Legends of the Riftwar
- Honoured Enemy Murder in LaMut Jimmy the Hand
- Author: Raymond E. Feist William R. Forstchen Joel Rosenberg S. M. Stirling
- Country: United Kingdom
- Language: English
- Genre: Fantasy
- Publisher: HarperCollins
- Published: 2001-2003
- Media type: Print (Paperback)

= Legends of the Riftwar =

Series of novels

The Legends of the Riftwar is a series of fantasy novels by American writer Raymond E. Feist along with three different co-authors William R. Forstchen, Joel Rosenberg and S. M. Stirling.

==Concept==
In the fantasy novels of Feist, a "Riftwar" is a war between two worlds that are connected by some sort of dimensionless gap (rift). In Feist's invented history, there are several riftwars.

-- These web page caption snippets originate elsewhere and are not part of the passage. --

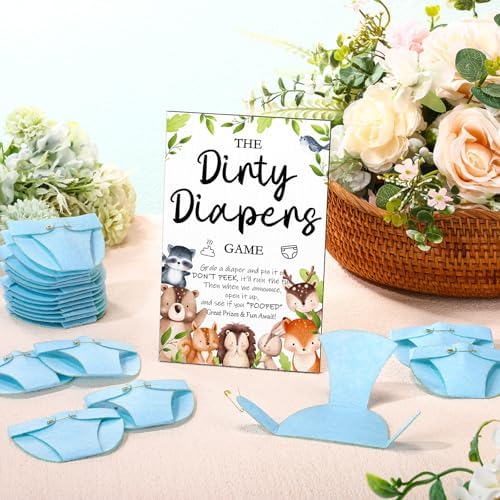 Roowest 51 Pcs Dirty Diaper Baby Shower Games, Woodland Animals - Image 5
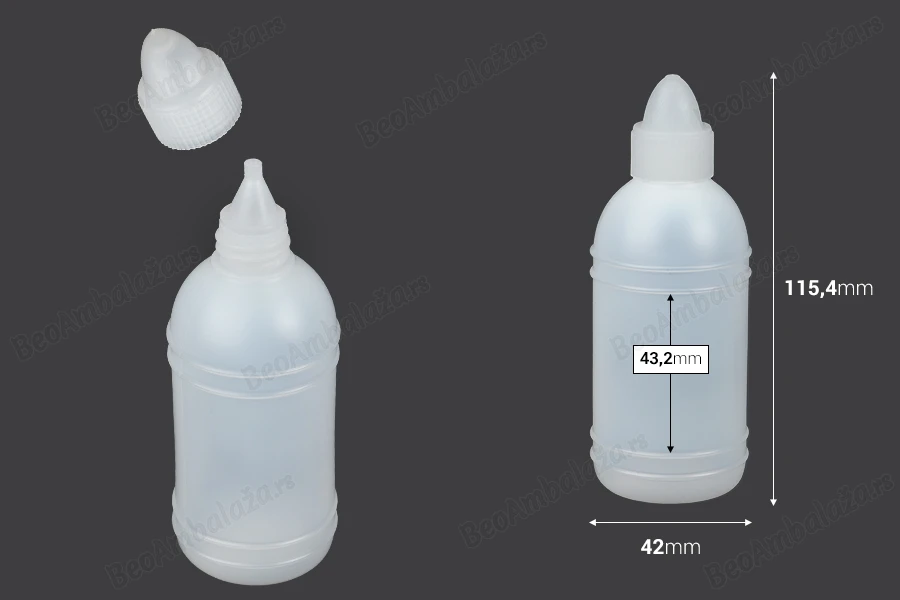 Plastična flašica 100mL, za aceton ili svetu vodicu -12 kom-dimenzije_slike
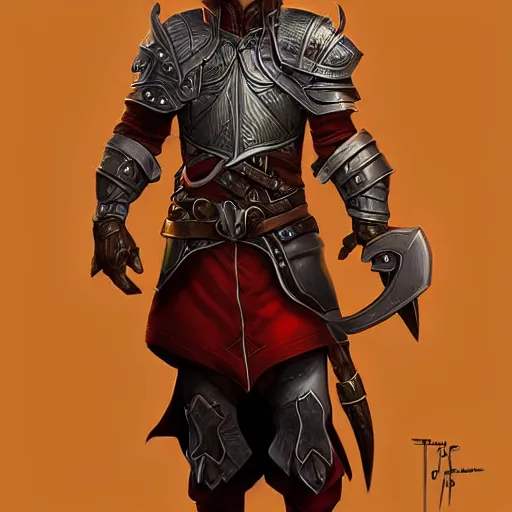 Image similar to character portrait, D&D, male half-elf, artificer, short red hair shaved on sides, white jacketed, half-plate armor, artstation, ultra detailed, todd lockwood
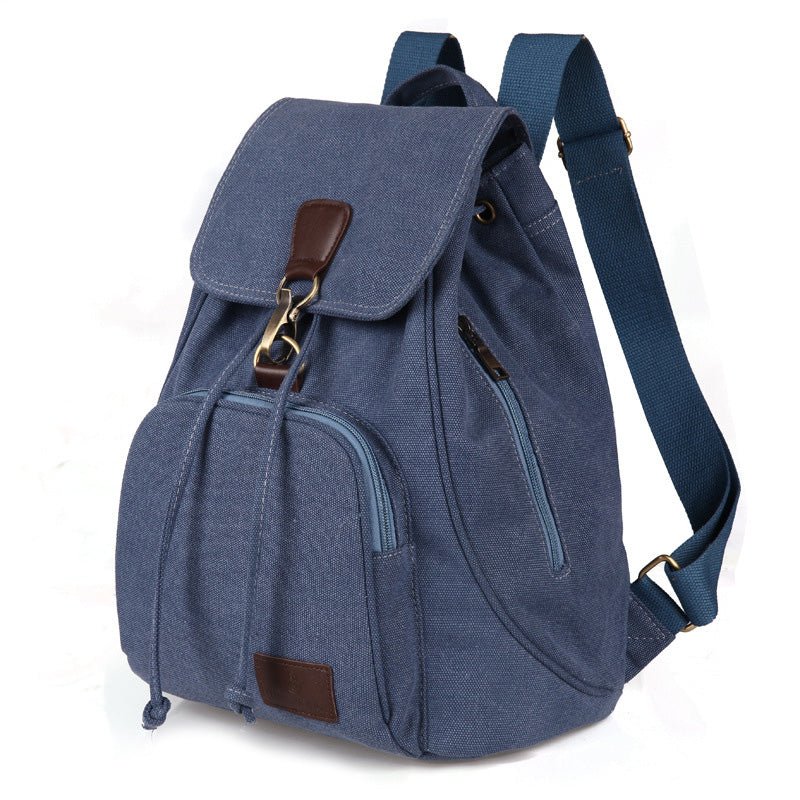 Vintage Canvas Backpack for Women & Girls – Drawstring Rucksack for School & Travel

The first Riftwar between Midkemia and Kelewan is described in the trilogy The Riftwar Saga. This Saga is a continuation of Feist's preceding works and so far suggests an upcoming, fourth and fifth (final) riftwar. Raymond E. Feist has confirmed that there are five Riftwars in total.

==Works in the series==

===Honoured Enemy (2001)===

Raymond E. Feist
William R. Forstchen

Honoured Enemy is written to coincide with the events in Feist's Riftwar Saga acting as a sidebar to the main action from the saga. It focuses on a group of elite soldiers trapped behind enemy lines, forced to ally with one honourable enemy to defeat a dishonourable enemy. The novel was explicitly written to have resonances with Bernard Cornwell's 'Sharpe' novels.

===Murder in LaMut (2002)===

Raymond E. Feist
Joel Rosenberg

Murder in LaMut is the second book in Legends of the Riftwar series. It details the story of Durine, Kethol and Pirojil, three mercenaries who have spent the past twenty five years fighting Tsurani, the Bugs and Goblins. Now having spent a few months on garrison duty, their journey to LaMut should be simple and completely straightforward. The story is set in the world of Midkemia.

===Jimmy the Hand (2003)===

Raymond E. Feist
S. M. Stirling

Jimmy the Hand is the third and final book in Legends of the Riftwar series. It details the story of Jimmy, a 13- to 16-year-old thief, who after aiding Prince Arutha & Princess Anita escape Krondor and running afoul of Guy Du Bas-Tyra's secret police has fled south to the town of Land's End. Assuming the villagers have never encountered someone with his talents he became fairly optimistic about broadening his horizons, but is unprepared for what greets him. The story is set in the world of Midkemia.